The rest of this article is arranged as follows. Section 2 outlines the main outline of the multi-microgrid system and explains the mathematical models for the three participants. The multi-objective problem is presented in Sects. 3, 4 describes the proposed preference-based MORL method in detail. In Sect. 5, the approximate Pareto front and dynamic tariff based on the experimental results are given. Finally, the conclusion is discussed in Sect. 6.

2 Multimicrogrid description

This paper is concerned with the design of a high-level three-microgrid optimization system. An information and communication technology (ICT) system is performed to transfer the information among the three microgrids, including the load demand, energy tariff and renewable energy generation. The mathematical models of the multi-microgrid system, including the microgrid, the ISO and the main power grid, will be described in detail in the following subsections. Let \({\mathcal {N}}={1,2,\ldots ,N}\) be the set of microgrids and \({\mathcal {N}}_s={1,2,\ldots ,N_s}\) be the set of microgrids with energy storage system, where \(N_s \le N\).

2.1 Microgrid model

The microgrid system model shows the power balance among energy storages (if available), local energy generation, other microgrids, and main power grid. For microgrid n without an energy storage system, the mathematical model can be given as

$$\begin{aligned} \begin{array}{rcl} p_{d_n}(t)=p_{g_n}(t)+p_{r_n}(t). \end{array} \end{aligned}$$
(1)

If \(p_{g_n}(t)\) is positive, the power flows from the grid to the microgrid n, otherwise, the power flows from the microgrid n to the grid, i.e., sell the extra electricity to the main power grid.

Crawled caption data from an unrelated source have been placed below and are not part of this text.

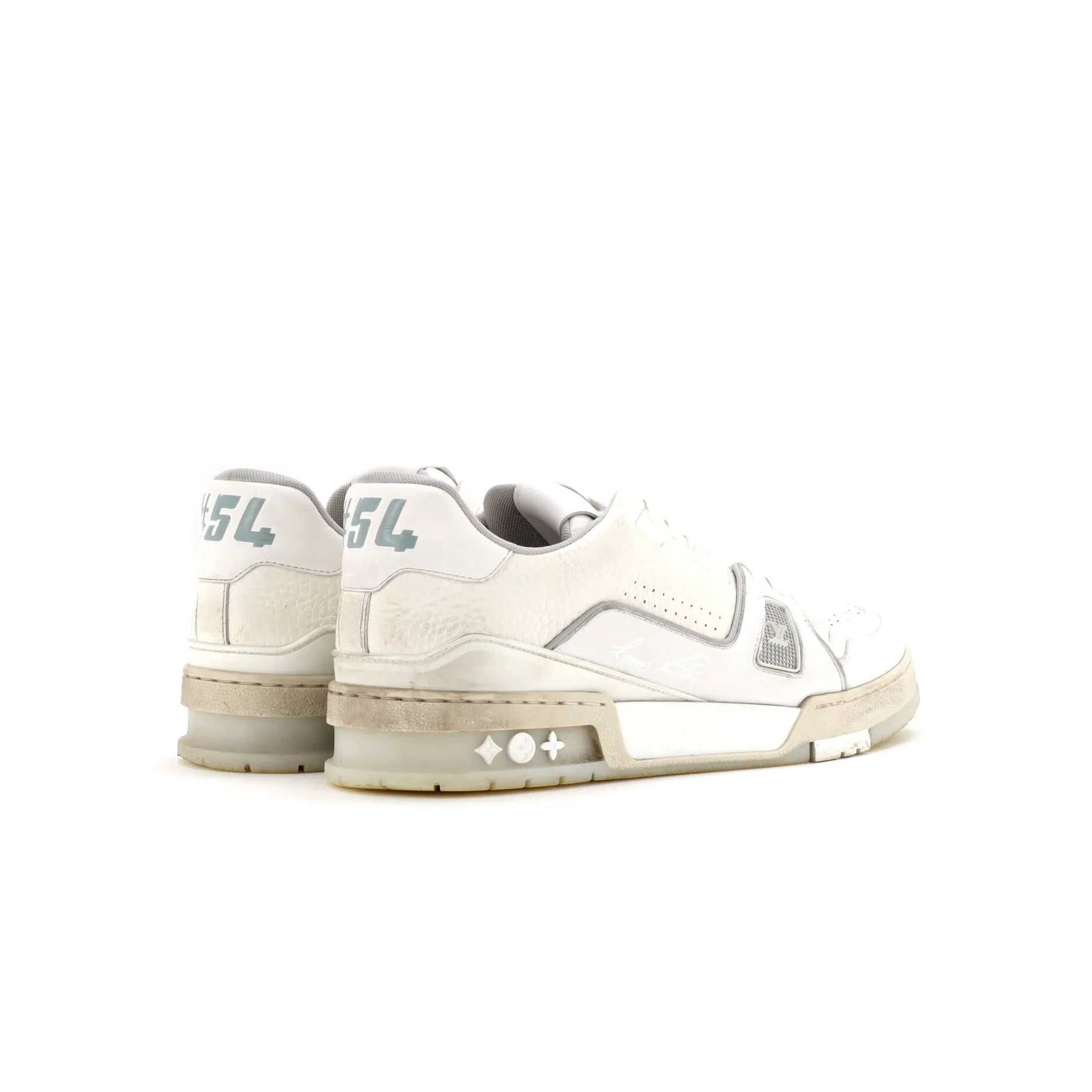 Pre-Loved Louis Vuitton Men's LV Trainer Sneakers Leather sold by Zulily product image thumbnail 3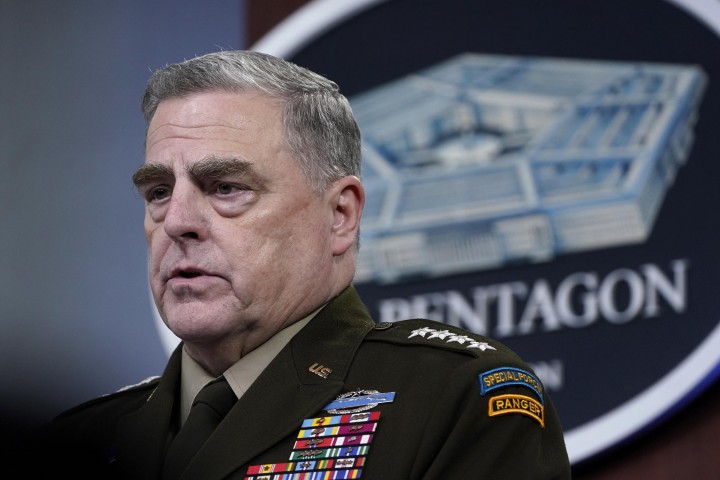 Jenderal tertinggi Amerika Serikat (AS) Mark Milley. Sumber: AP News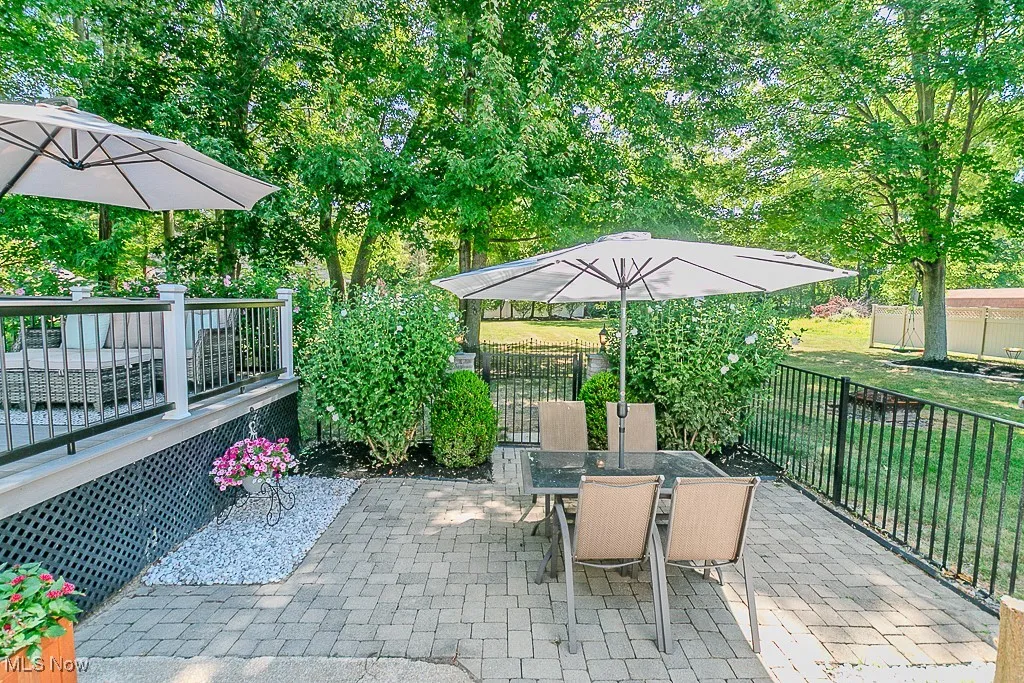 View of patio with outdoor dining space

For microgrid n with an energy storage system, the power balance equation is given by

$$\begin{aligned} \begin{array}{rcl} p_{d_n}(t)=p_{g_n}(t)+p_{r_n}(t)+s_n(t)-s_n(t-1). \end{array} \end{aligned}$$
(2)
$$\begin{aligned}&subject \ to \quad \forall \ t \in {\mathcal {T}}\nonumber \\&|s_n(t)-s_n(t-1) |\le \Delta s_n \end{aligned}$$
(3a)
$$\begin{aligned}&{\underline{s}}_n \le s_n(t) \le {\overline{s}}_n \end{aligned}$$
(3b)

where (3a) represents the constraints of maximum charging/discharging rating power. 3b) is the constraints of the maximum capacity of the storage. Note that we do not consider self-discharge effect of the energy storage system because the energy loss in a short-term period is too small to be negligible [20].

Considering the shiftable loads, the load demand term \(p_{d_n}(t)\) can also be given as

$$\begin{aligned} \begin{aligned} p_{d_n}(t)&=f_{d_n}(\lambda (t),l_{b_n}(t)) = (1+h_n(\lambda (t)))l_{b_n}(t) \end{aligned} \end{aligned}$$
(4)

where \(l_{b_n}(t)\) is equal to the load demand in (2) without considering the shiftable loads. \(h(\lambda (t))=a_1\lambda (t)^2+a_2\lambda (t)+a_3\) and \(p_{d_n}(t)=(1+h(\lambda (t))l_{b_n}(t))\) is the load demand based on the baseload, \(n=1,2,\ldots ,N\) is the index of microgrid. The baseload forecasting technology can achieve high-precision forecasting outcomes because there are almost no fluctuations in practice for the baseload. Therefore, we presuppose that \(l_{b_n}(t)\) is a known data in advance.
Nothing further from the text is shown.